5. Mito: a concordata não contradiz a legislação brasileira, mas a reafirma.

Fatos: a legislação brasileira é democrática e se baseia, entre outros, no princípio da igualdade e na discussão plural de idéias. A Sé de Roma encabeça uma instituição teocrática de governantes vitalícios exclusivamente masculinos que se orienta pelo direito canônico, de justificativa teológica. Seria surpreendente se duas entidades tão diversas não entrassem em contradição, como de fato entram. Além de a simples existência do acordo violar nossa lei maior (vide mito 1), diversos artigos contradizem a legislação existente. Um dos casos mais claros de afronta à legislação nacional, que ensejou ressalva no relatório da Comissão de Educação da Câmara, é o do artigo 11 da concordata, onde se estabelece ensino religioso "católico e de outras confissões religiosas". Isso contraria a redação dada pela lei 9.475, de 22.7.1997, à Lei de Diretrizes e Bases (lei 9.394 de 20.12.1996), que veda "quaisquer formas de proselitismo". Se o ensino é católico, então é necessariamente confessional e proselitista, como é prontamente reconhecido pelos representantes da CNBB. Portanto, a concordata institui não apenas acréscimo como negação da lei brasileira. As afirmações de conformidade com a legislação brasileira no texto da concordata também não resolvem o problema. O art. 11, por exemplo, alega que suas determinações devem acontecer "em conformidade com a Constituição e as outras leis vigentes, sem qualquer forma de discriminação", mas isso é uma impossibilidade lógica pois ele está em contradição com a lei vigente: ou se cumpre o acordo, ou se cumpre a lei vigente. Ademais, diversos dispositivos, entre os quais os mais polêmicos, não por acaso se omitem quanto à conformidade à lei brasileira, como é o caso dos artigos 6 e 14.

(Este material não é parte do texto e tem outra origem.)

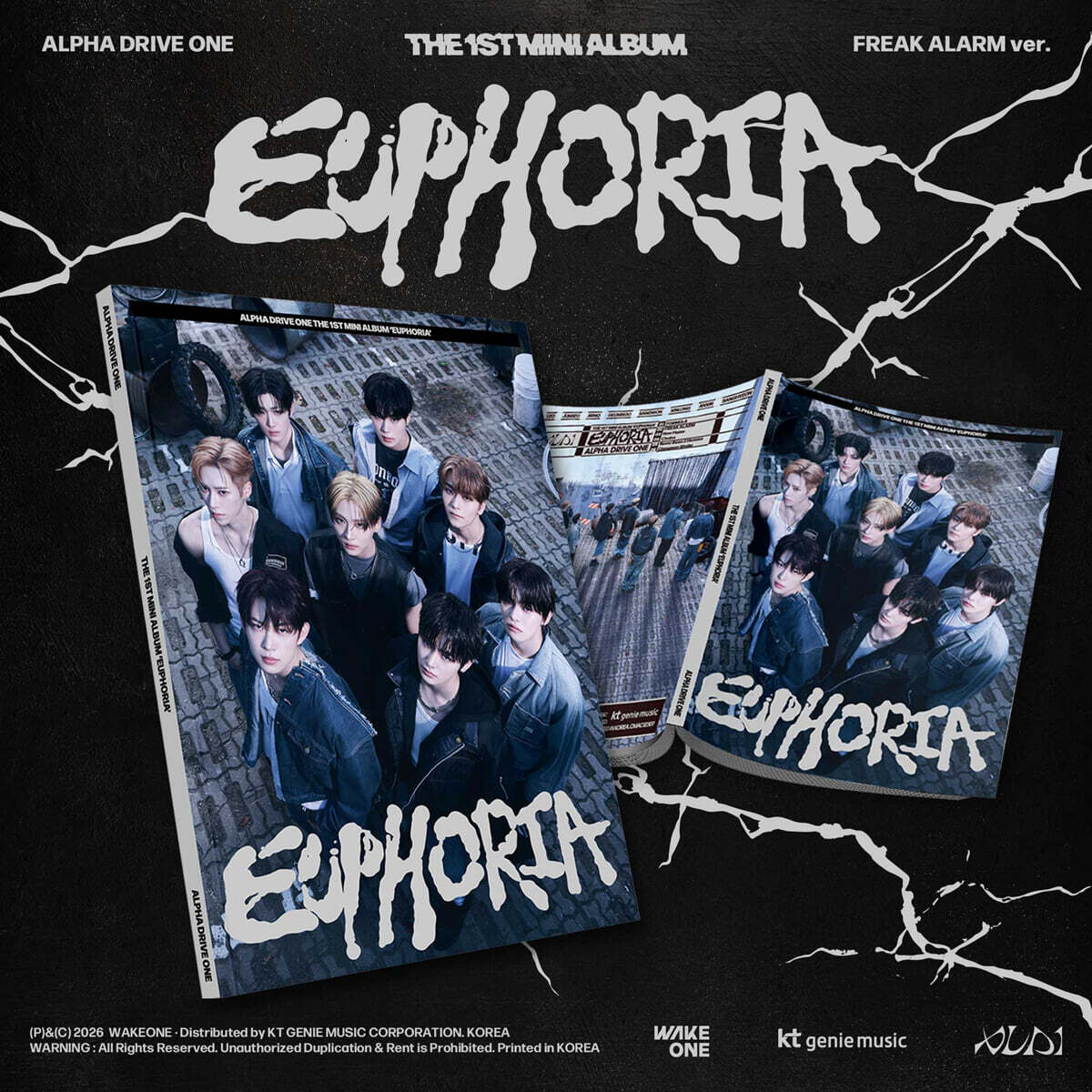 [предзаказ] ALPHA DRIVE ONE – EUPHORIA 1-й мини-альбом [версия FREAK ALARM] Официальный K-pop альбом [FREAK ALARM ver.]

6. Mito: a concordata abre caminho para outros grupos religiosos pleitearem acordos semelhantes.
Fatos: esse mito contradiz o mito de que o acordo não traz nenhum benefício específico à Igreja Católica. Se o acordo não traz benefícios só aos católicos, por que outros grupos desejariam assinar acordos semelhantes? A verdade é que nenhum outro grupo religioso tem personalidade jurídica para assinar acordos internacionais, especialmente sem passar por discussão com toda a sociedade e sem poderem ser encerrados no futuro pelo legislativo, como se dá com a concordata.

7. Mito: o Estado é laico, mas o povo é religioso.
Fatos: a afirmação é verdadeira, mas não serve como justificativa para dar legitimidade ao acordo, pois quem o assina é o Estado, não o povo. O mito é o de que isso justificaria partidarismo religioso por parte do Estado, o que é falso. Estados laicos existem exatamente para garantir a liberdade religiosa do povo, com igualdade plena, a salvo do viés e da interferência de religiosidades particulares: sem sectarismo, sem distinções e sem preferências de qualquer tipo.